Here's a bonus section that came up when I was writing the article. What if, I convinced GPT to give me linux commands and then executed them? What is the potential of such an implementation and how hard is it?

Well, as for the last question, not very much (at least to achieve it on a very basic level)

[...]
text = r.recognize_google(audio)

completion = openai.Completion.create(
    engine="text-davinci-003",
    prompt=f"Return a linux command that solves the following problem: {text}. You will return the command and nothing else",
    temperature=0.5,
    max_tokens=1024,
    top_p=1,
    frequency_penalty=0,
    presence_penalty=0,
)

answer = completion['choices'][0]['text']
x = input(f"GPT is trying to run {answer}, want to proceed? [y/n]")
if(x=='y'): os.system(answer)
[...]

As you can see, we can add a directive in the prompt to have the API return us Linux commands, and then use os.system() to execute them.
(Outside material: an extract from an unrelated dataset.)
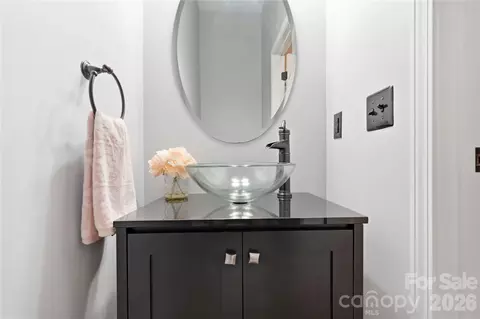 Bath - 2469 Stoneview Ct, Denver, NC 28037 photo 1 of 6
This worked as a simple prototype and I could easily ask it to create files on my desktop, list the files in a folder and even check the weather!

How to improve this? Well, the current limitation of this demo is that our model is not fine-tuned, but let's assume we can easily do this. We then could instruct GPT to add specific patterns when it tries to run a command: "From now onwards, everytime you will suggest running a Linux command, start the message with 'cmd:'"

By doing this we could theoretically use that pattern to decide whether to run the answer or not:

import subprocess

if(answer[:4] == "cmd:"):
    answer = subprocess.check_output(answer[4:].strip(), shell=True)
    if(answer == ''): answer="Done!"
text_to_speech(answer)

In the example above I switched to subprocess instead of os to be able to run the eventual stdout of a command and play it trough TTS

There's another thing we could achieve by having it run linux commands. Connect it to the internet (N.B. This is just a proof of concept and I haven't properly implement it but it looks like that with some more work it could behave as intended)

GPT-3 is notoriously run in offline mode, but what is preventing us from running curl and feeding in the output back? Especially now that ChatGPT has clearly a "memory", all the info that gets past in remains saved:

[...]
text = r.recognize_google(audio)

completion = openai.Completion.create(
    engine="text-davinci-003",
    prompt=f"Write a linux curl command to solve the following problem: {text}. Write just a curl command and nothing else",
    temperature=0.5,
    max_tokens=1024,
    top_p=1,
    frequency_penalty=0,
    presence_penalty=0,
)

answer = completion['choices'][0]['text']

data = subprocess.check_output(answer, shell=True)

completion = openai.Completion.create(
    engine="text-davinci-003",
    prompt=f"You now know the following information: {data}. Given what you know tell me the answer to the following question: {text}",
    temperature=0.5,
    max_tokens=1024,
    top_p=1,
    frequency_penalty=0,
    presence_penalty=0,
)

answer = completion['choices'][0]['text']
[...]

It's of course very rough and very hardcoded, but it seems crazy what we could achieve. It looks like right now the tools are "barely not enough" to make a big breakthrough, but what will happen when GPT-4 comes out?